In the next week I raised a total of $57 by selling pictures. I also learned a lot about my own heart. I don’t like asking for money (which I knew). I also don’t like selling stuff. Even to people that I know, even to people that have expressed an interest. I also can get discouraged about it pretty quickly. I’ve never been so close to a deadline with so little hope for making it. That wasn’t a good feeling. I’m often quick to doubt — even God — even knowing all the amazing things He has already done in my life. I was there. Fully.
On February 12th, something changed. I realized what was going on in my own heart. I was trying to control the situation instead of letting God work. I was almost becoming possessive about the pictures. At church that night I ran into a dear friend who always encourages me. He prays for me fervently, particularly while I’m on these trips. I gave him a photo. I didn’t even mention that I was fundraising. Then I gave another one to my pastor. Then another to a fellow missionary. I felt a weight lift. As I drove home, “The Voice of Truth” by Casting Crowns played. It was the first time I had truly heard it. I was almost shedding tears of joy.

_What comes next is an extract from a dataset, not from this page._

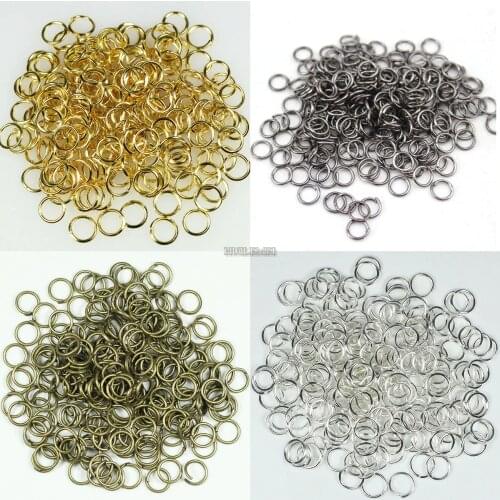 200pcs/lot 3/4/5/6/7/8/9/10mm Metal DIY Jewelry Findings Open Single Loops Jump Rings & Split Ring jewelry making Accessories
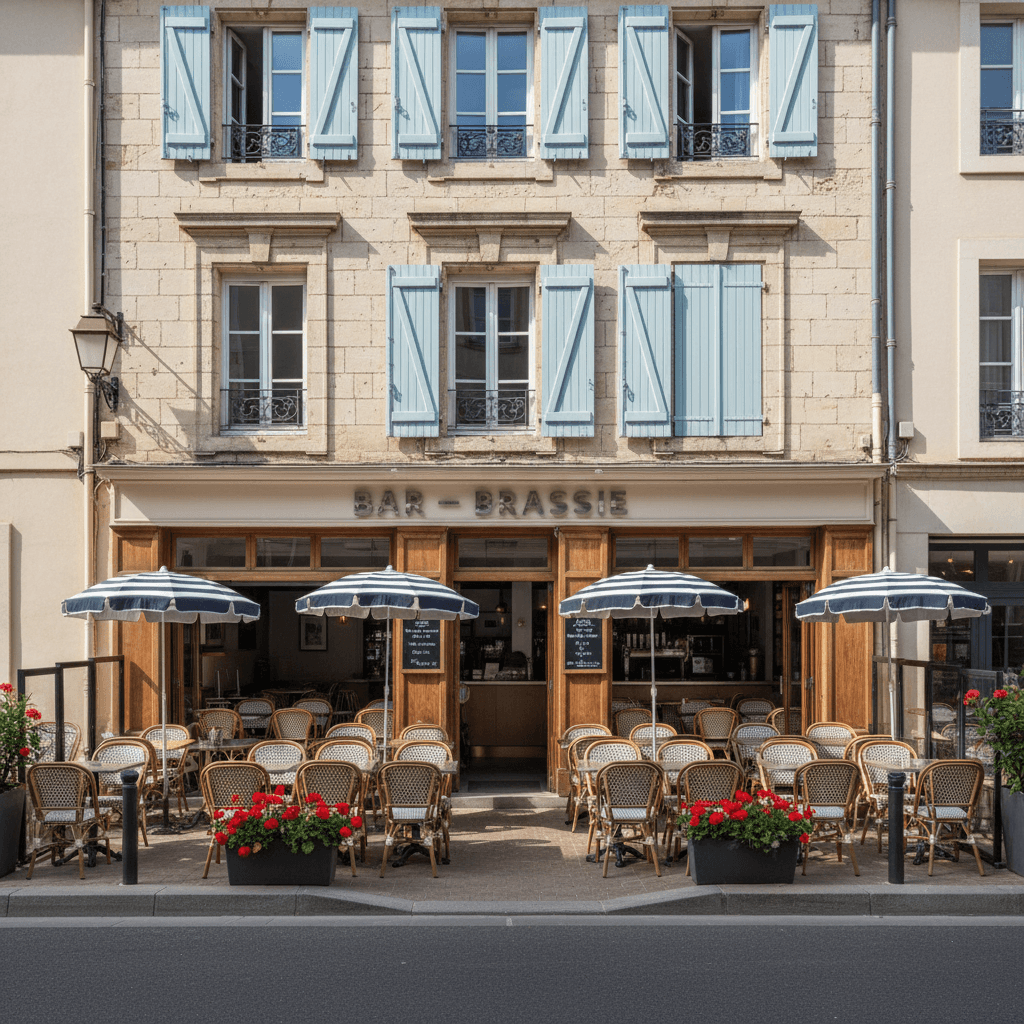 Bar-brasserie 200m² à Hyères : terrasse - licence IV - Image 1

The next day I shared all this with a friend. This guy is one of my absolute best friends. I can tell him anything, even unbelievable God stories. I hadn’t told him I was raising money, though. On that day, I wasn’t really sharing about that, only about the breakthrough. Only about the voice of truth and how I was finally listening to it. But he heard about the money. He knew I was still $943 short of the deposit that was due in three days. Later that day, he sent me a message. “David. This year you’ve got to trust a little deeper into the forest.” That’s kind of our code for “God’s got your back, just keep on trusting.” “Yep, I know. He’s got this. Thanks!”
He is light, breaking through
The next day I got an email from the church. Someone had anonymously donated money for my trip. Exceedingly and abundantly. More than I ever expected to happen. Just like that, my entire deposit was covered. I was blown away. I was completely at a loss for words. God is so good. So are His people. But the story doesn’t stop there…

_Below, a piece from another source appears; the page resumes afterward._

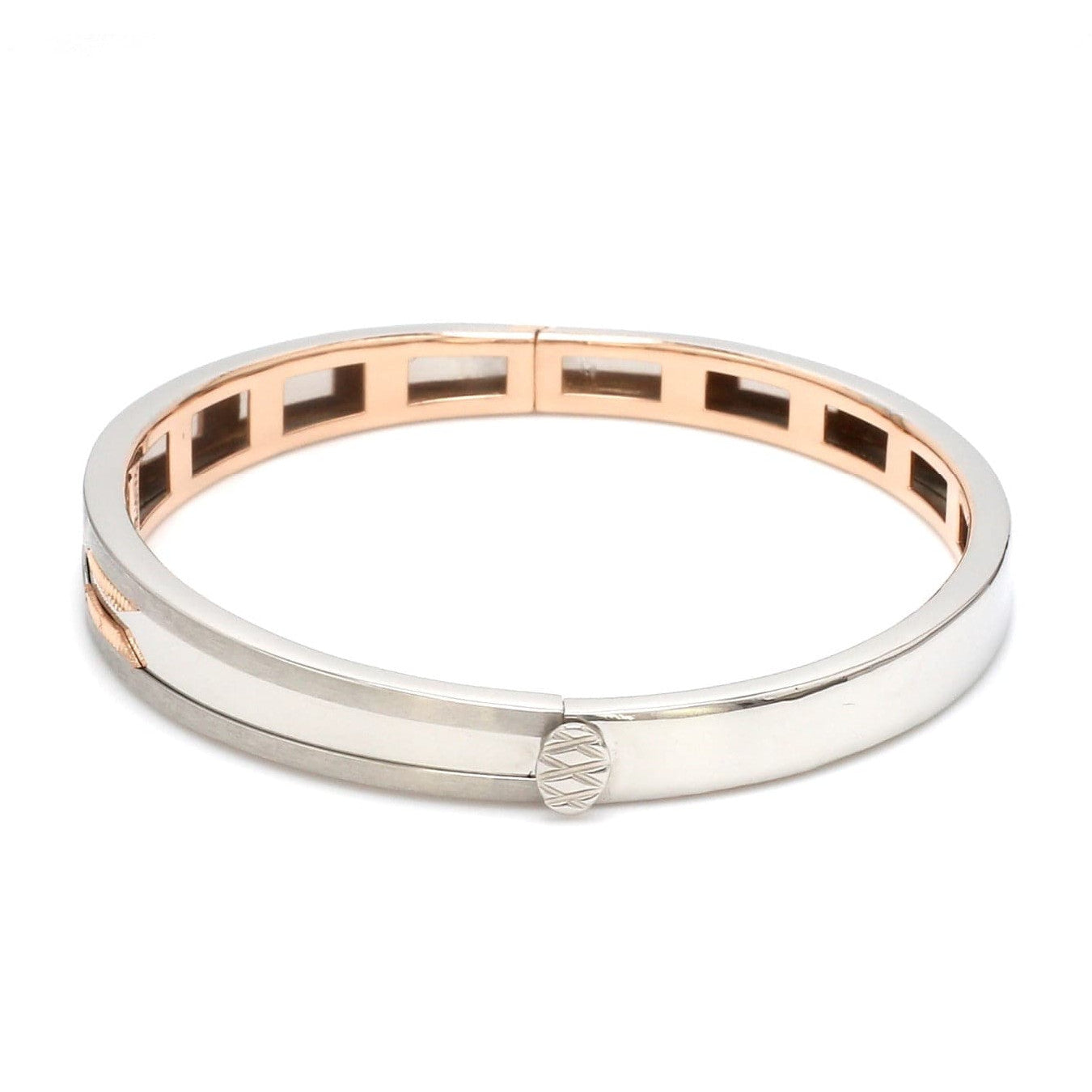 Men of Platinum | Platinum & Rose Gold Bracelet for Men JL PTB 807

Sunday at church, a dear friend handed me a check. Once again, I was humbled and in awe. The next week, I told my friend from the forest about what happened. He seemed a little nervous at first but loved the story. At the end he asked how much I had left to pay for the trip. I told him I had no idea. He said, “whatever it is, I’m covering it.” What? After he told me to trust deeper into the forest, God told him to do the same thing. He didn’t know if the amount would be $2,400 or $400 (and he didn’t know how he’d cover either amount) but he said yes to God, in faith.

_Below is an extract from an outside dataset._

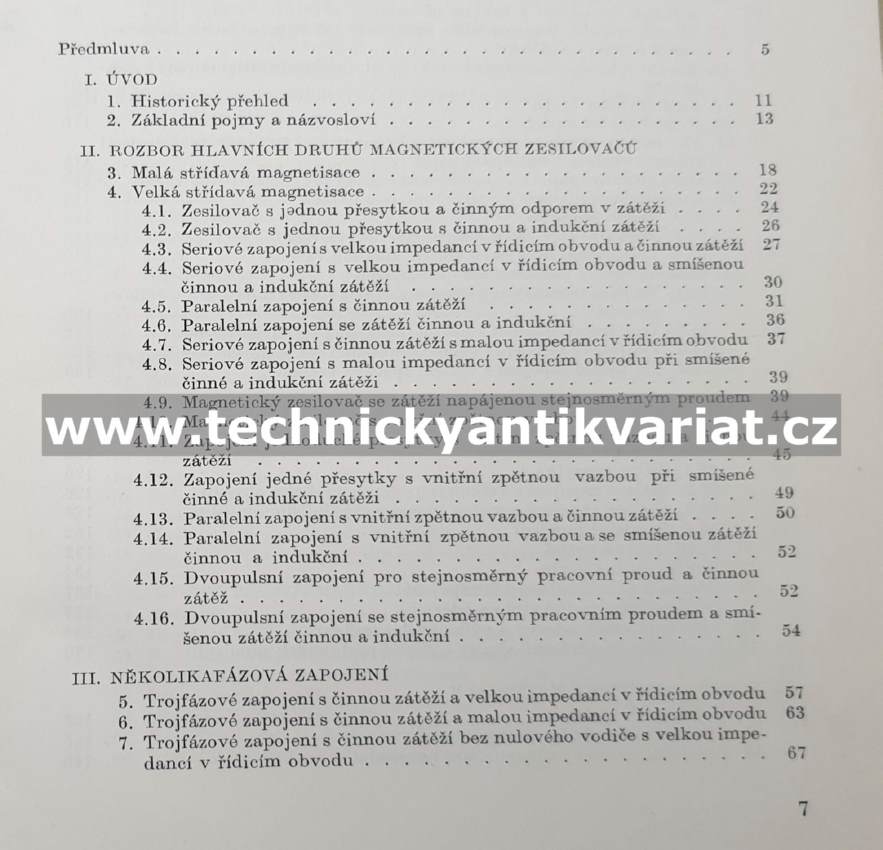 Magnetické zesilovače - Gabler, Haškovec, Tománek (1956)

In a span of 6 days I went from “maybe I’m not supposed to go this year” to “Wow, this trip is fully funded.” That’s a pretty amazing feeling. Yes, I feel humbled. Incredibly. A part of me wants to hide, knowing that I don’t deserve all this. But a much bigger part of me feels thankful and loved. I’m thankful that God shows his love for me in so many ways. It’s not just about the money, it’s about the incredible people he has woven into my life that continue to invest in me. Once again, not just in money, but in prayers, speaking truth, and faithful encouragement.
So is the fundraising over? No. I’d like my friend to pay as little as possible, of course. I’d love for his faith to be rewarded with his own “Paid in Full” experience. Plus, our church has committed to funding the construction of the new church. Also, we have quite a few other missionaries going with us that are still raising money. Once my trip is completely paid for, any additional money that comes in will either be distributed to the other missionaries or go to the construction costs of the new church.
Brazil, here I come!
What did I do to deserve this? Since I’ve found Christ that question comes up again and again. What did I do to even deserve His love? His companionship? Nothing.
None of this is about me.
It’s all about Him. I know I didn’t earn this. I know I couldn’t earn this. But I also know that God loves me immeasurably more than I could imagine, and this was one of the ways He has shown His heart to me.
One more thing…I’m going back to Brazil!